Interesting thread. I'm not sure I get it though...I'm not sure I have ever really applied the concept of 'shame' to my training in any thoughtfull way. I guess like everyone else, I feel 'shame' when I act inappropriately (in an aikido context), perhaps throwing someone too hard, or using too much physical power rather than focusing on staying relaxed, taking away uke's power, and using just enough of my own to ensure a proper balance break.

I think I'm going to struggle with this thread to see if I can come to understand it more clearly.

Why can an aikidoka look at someone doing more or the same amount of investment and call his/her involvement casual but fail to do the same in regards to one's own similarly invested training?
Perhaps an aikidoka doesn't do this...I find no particular reason to make a judgement about someone else's activities in this way. Another reason might be that the aikidoka could be busy 24/7 trying to bring the lessons they learn on the mat to the rest of their life.

Is it not because one possesses too much "self-respect," not enough shame?
I equate too much self-respect with an inflated ego. I have suffered from this many times...and will again. I'm not sure it causes me 'shame' certainly makes me feel rather silly upon reflection though.

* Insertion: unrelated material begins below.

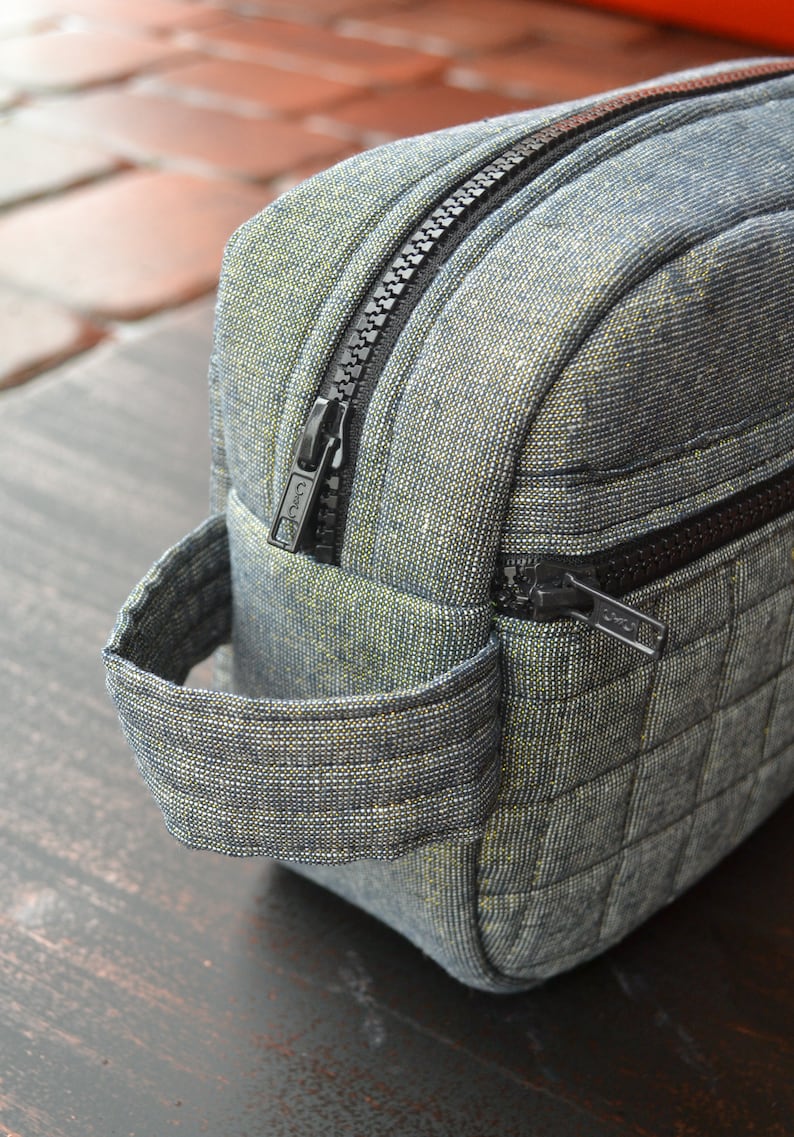 May include: A gray quilted toiletry bag with a black zipper and a black handle. The bag has a small zippered pocket on the side.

Does not our over zealous attempts to remain void of shame prevent us from calling our training casual (by allowing us so easily to call our training serious) when it in fact possesses every mark of not being serious?
Well, different people have different definitions of what is serious. In some ways, I consider my training right now not very serious...because I don't attend physical training very often. I have a whole bunch of reasons for this, some I'm sure have some merrit, some I'm sure don't. In other ways though, I spend quite a bit of my time off the mat trying to internalize what I learn on the mat, trying to apply the lessons in less physical ways at work and at home, etc.

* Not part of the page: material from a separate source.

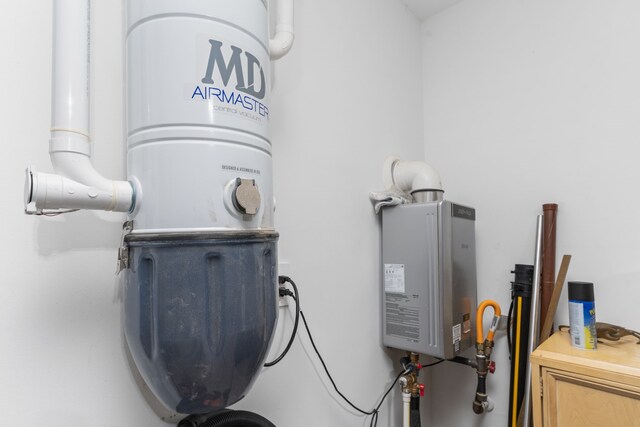 30114 Ousel Falls Ln, Fulshear, TX 77494 - detailed view of tankless water heater and a central vacuum unit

A training partner recently tested for 3rd dan. He has always been much better than I at internalizing his training. He has an extremely busy schedule, and yet was able to prepare for and (in my opinion) do very well on his 3rd dan exam with only a relatively short time (but intense) of preparation. Now, I could say to myself 'I train more consitantly over a longer time than he (this may or may not be true), so why is he able to do this?' Or I could be honest with myself, realize that he has certain abilities that I do not have, and if I wish to do so, find ways to strengthen those abilities in myself. The fact of the matter is, even in those less frequent times he is on the mat, I find something in his training manner that is less 'casual' than mine. I guess my awareness of this difference and how it motivates me is what you are calling 'shame'? Personally, I'd simply call it honest self-reflection, and the ability (when used correctly) to modify my approach to achieving my goals.

Is it not because there is a "self-respect" that is trying to operate void of its co-dependent aspect of shame that we are both making it hard to truly get serious about our training and making it very easy and important to cultivate delusion?
Well, I hope I have few delusions about how serious my training is just now. I'm not sure that any amount of off mat reflection, no matter how honest, can make up for time not on the mat. But I do feel that off mat reflection is important, and that it (like mitori geiko when injured) can suplement a less frequent training schedule due to other priorities.

Maybe you could let me know if I'm getting what you're asking...


Ron Tisdale
"The higher a monkey climbs, the more you see of his behind."